SOURCE MATERIAL: Begin
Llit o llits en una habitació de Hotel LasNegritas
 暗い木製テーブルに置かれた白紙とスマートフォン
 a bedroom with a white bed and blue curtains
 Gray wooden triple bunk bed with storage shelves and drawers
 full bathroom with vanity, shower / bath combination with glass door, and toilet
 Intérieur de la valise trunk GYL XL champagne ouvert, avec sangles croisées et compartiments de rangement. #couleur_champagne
SOURCE MATERIAL: End
_WORK ORDER_
Search the entries for the word "with", then list each line that holds it.

_REPLY_
 a bedroom with a white bed and blue curtains
 Gray wooden triple bunk bed with storage shelves and drawers
 full bathroom with vanity, shower / bath combination with glass door, and toilet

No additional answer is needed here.